Personal information
- Full name: Anthony L. West
- Born: 11 September 1956 (age 69)
- Original team: Brunswick
- Height: 179 cm (5 ft 10 in)
- Weight: 76 kg (168 lb)
- Position: Rover

Playing career^{1}
- Years: Club / Games (Goals)
- 1982–84: Essendon / 8 (8)
- ^{1} Playing statistics correct to the end of 1984.

= Tony West (footballer) =

Australian rules footballer

Anthony L. "Tony" West (born 11 September 1956) is a former Australian rules footballer who played for Essendon in the Victorian Football League (VFL) during the early 1980s.

Originally from the Carlton Reserves, West was a member of the 1980 Brunswick Victorian Football Association Second Division premiership team.

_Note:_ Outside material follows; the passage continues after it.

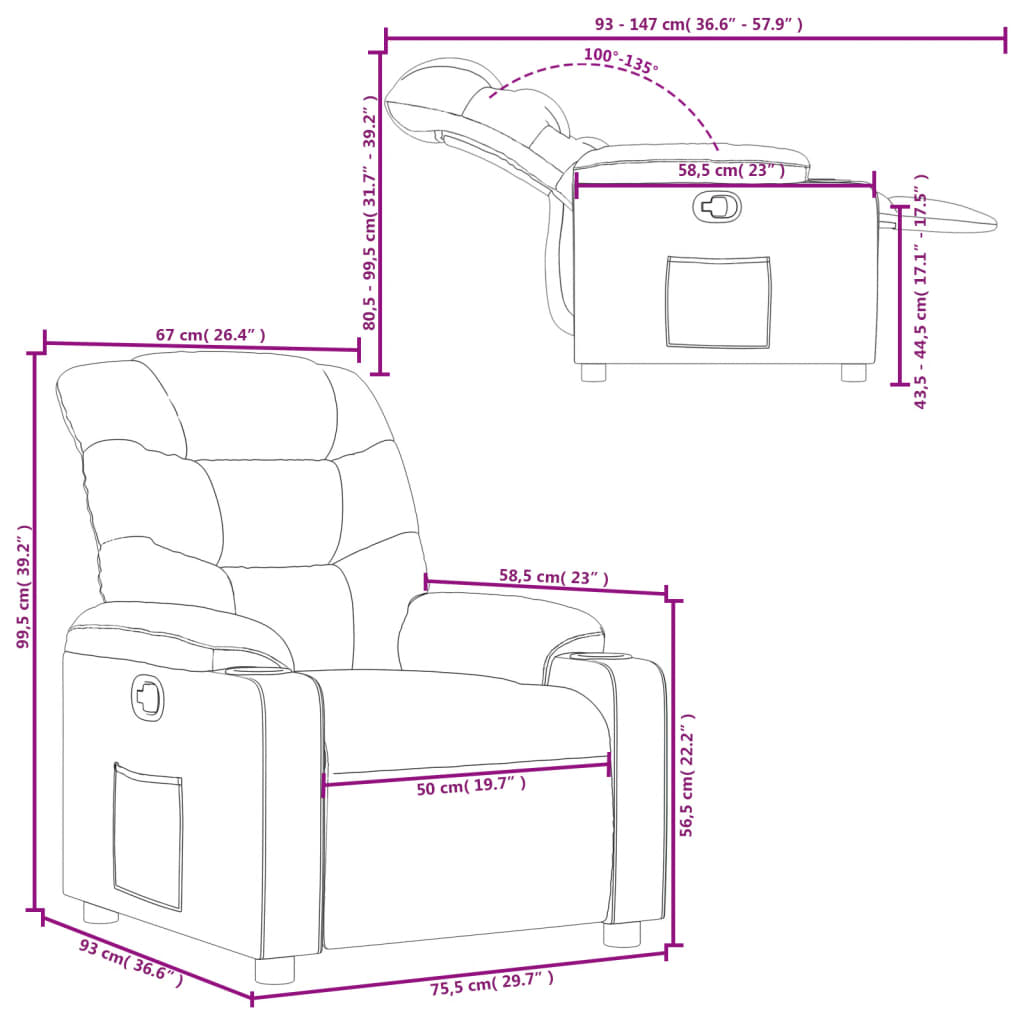Fauteuil inclinable Crème Similicuir - XIOS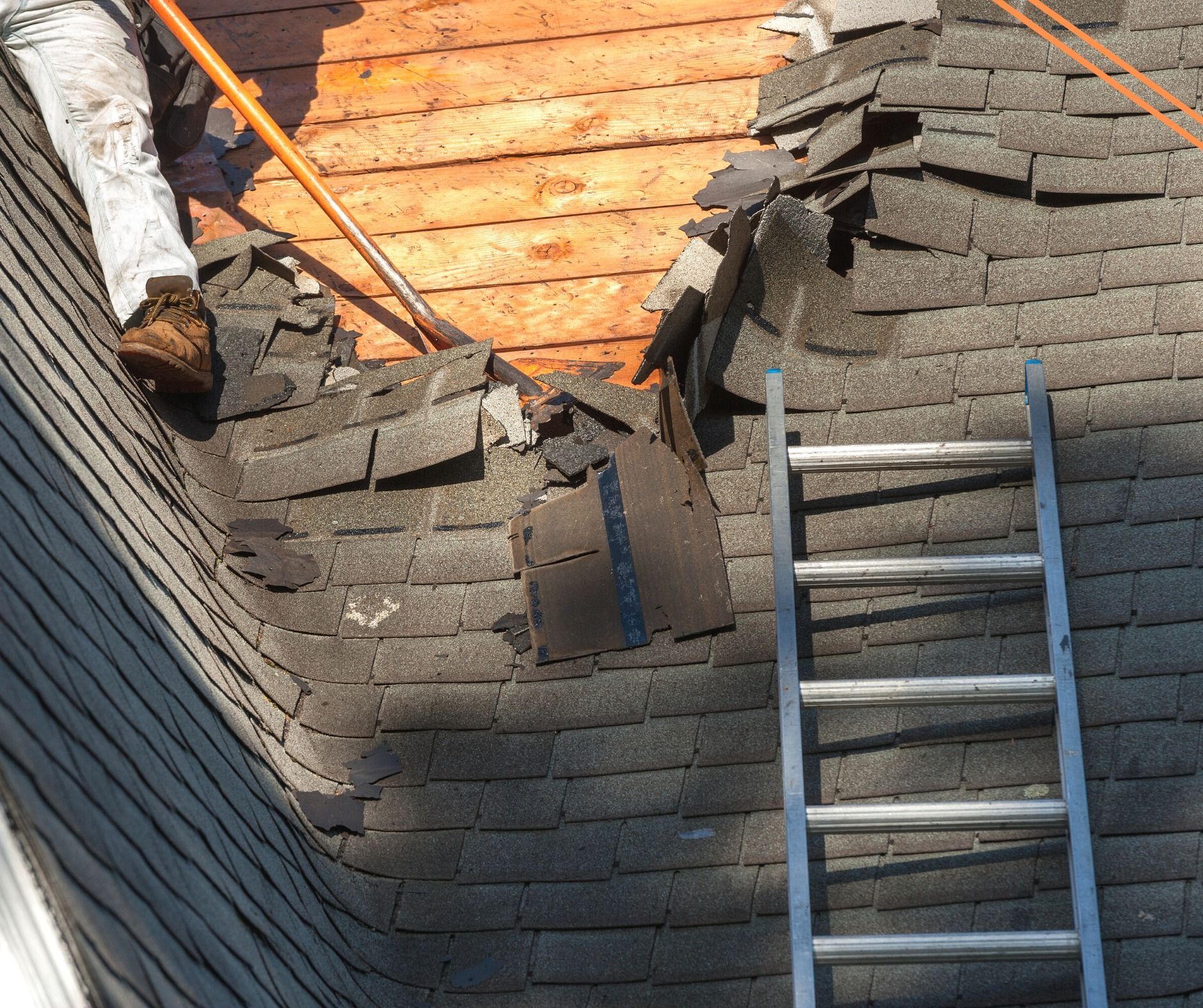 A person on a roof tears away damaged asphalt shingles with a tool; an aluminum ladder leans against the roof.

He made two appearances with Essendon in 1982 before spending the rest of the year on the sidelines with a broken leg. He kicked bags of four goals with his first two games of the 1983 VFL season, the only goals of his league career. Due to the strength of the Essendon team, West made only played one game in their premiership year of 1984 and instead spent most of his time in the reserves where he won a Best and Fairest.

A rover, West resumed at Brunswick in 1985 and participated in another Second Division premiership that year.

He was a J. J. Liston Trophy winner in 1986 and had earlier, in 1981, been runner-up to Vic Aanensen.